This is the figure calculated by Transnet for the additional costs it had incurred as at February 2019 following a series of controversial interest rate swaps that were performed on a package of loans totalling R23bn about three years previously.
The swaps were arranged with the helping hand of Regiments Capital and Trillian Capital Partners, which raked in huge fees without valid contracts being in place.
Further losses calculated over the 15-year lifespan of those loans are projected to exceed R3bn, according to the parastatal’s acting group chief executive, Mohammed Mahomedy.
The swaps followed a pool of loans sourced by Transnet from various lenders to help fund the acquisition of 1,064 locomotives, a deal also marred by kickback allegations involving the Guptas. Transnet had signed the loan deals at a floating interest rate with a variety of lenders, including the China Development Bank, Absa, Nedbank, Futuregrowth and Old Mutual.
The ink on the loan agreements had barely dried when suddenly a grand plan was hatched to hedge the interest rates payable on the loans – despite Transnet’s own treasury unit advising against it.
Regiments was allegedly irregularly roped in by Transnet executives to execute the swaps, essentially having a different entity step in as a counter-party to take on the floating interest rate and allowing the parastatal to pay a fixed rate instead, Mahomedy said.
Whatever the intentions of the arrangement, it did not quite work out to the benefit of Transnet, which ended up paying R785m more as a result of swaps done with Nedbank and another R696m through swaps executed with the Transnet Second Defined Benefit Fund (TSDBF) as a counter-party, the commission heard on Thursday.
Mahomedy testified that such was the “push” for this deal, it was as if someone out there knew something big was about to happen.
Based on the magnitude of the transaction, the deal required a lot more diligence and the decision to enter into loan agreements on fixed or floating rates should have been properly considered at inception, not after the loan deals were signed.
“These are realised losses of R1.4bn as at February 2019 and the gap between the floating and fixed interest rate has not closed,” Mahomedy said.
He said unrealised losses through to the end of the transaction in 2030 were expected to incur further losses and based on forward curves of interest rates, and taking all other relevant factors into account, Transnet was projecting an additional R1.8bn in losses as a result of the swaps.
“The outlook on the interest rate does not change on a daily or weekly basis unless there is quite a significant event to create a swing in market conditions,” Mahomedy said.
“Why was there such a push for this deal? What information was available and to whom? It’s as if someone knew something big was coming,” he said.

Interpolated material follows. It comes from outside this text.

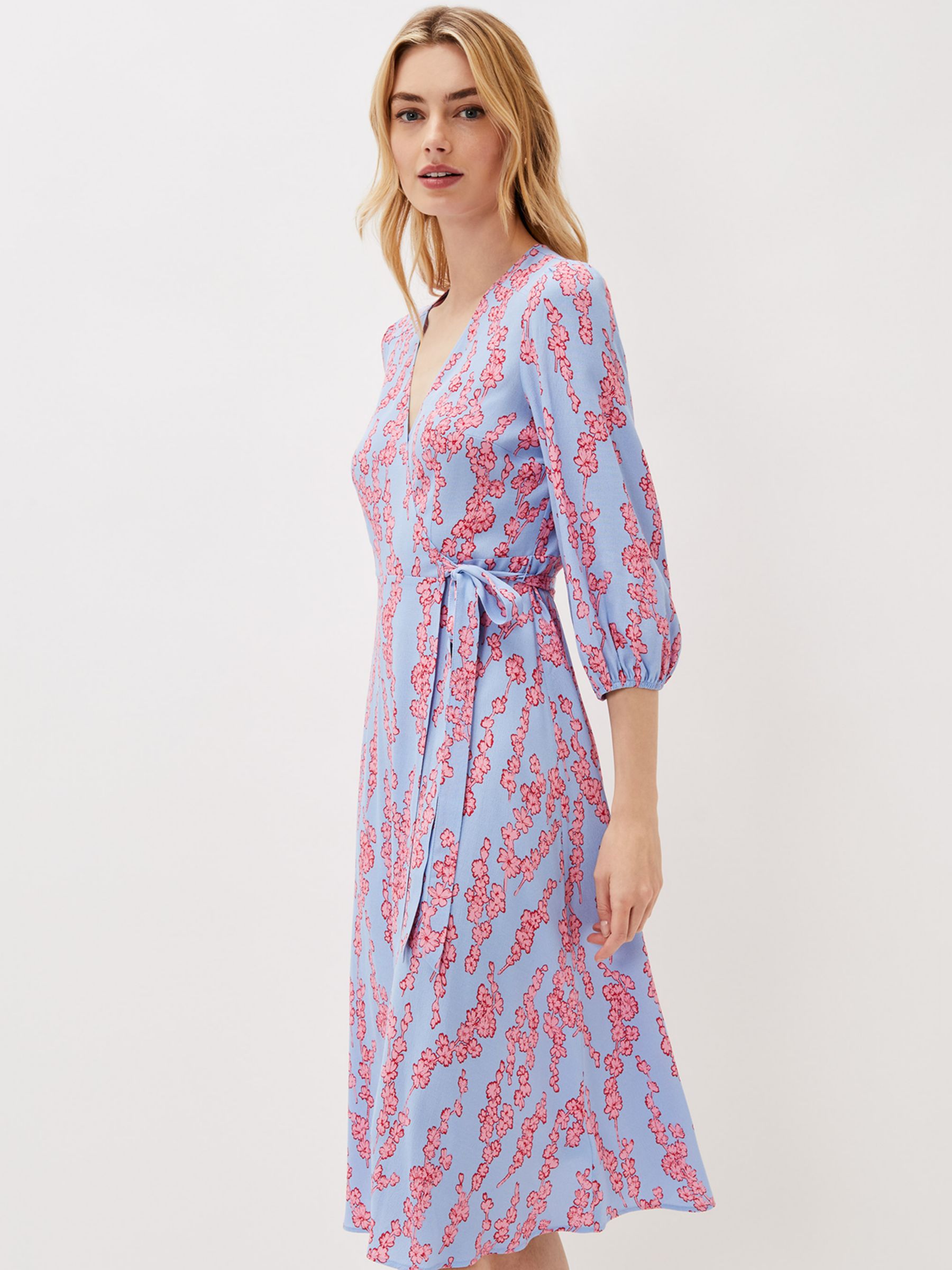 Phase Eight Jean Floral Wrap Midi Dress, Powder Blue/Pink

Coincidentally, the green light for the first of a series of interest rate swaps came mere days before former finance minister Nhlanhla Nene was fired on December 9 2015.

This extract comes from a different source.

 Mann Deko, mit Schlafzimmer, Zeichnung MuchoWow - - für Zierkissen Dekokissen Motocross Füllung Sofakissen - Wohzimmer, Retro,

In response to a question from the commission’s chairperson, Deputy Chief Justice Raymond Zondo, about whether all this was the result of incompetence or a criminal agenda, Mahomedy said:
“Transnet had not done such interest rate swaps for many years. This begs the question for why now, why this one.”
One had to draw the inference that it was done to benefit Regiments, considering the significant amount of money that flowed to the company, he said.
Regiments, the commission heard, landed the swap deal on the back of an earlier advisory contract it had inherited from global consulting firm McKinsey & Co when the international firm walked away from the deal, citing concerns about an extremely short timeframe of six weeks within which to conclude its work on the 1,064 locomotives deal.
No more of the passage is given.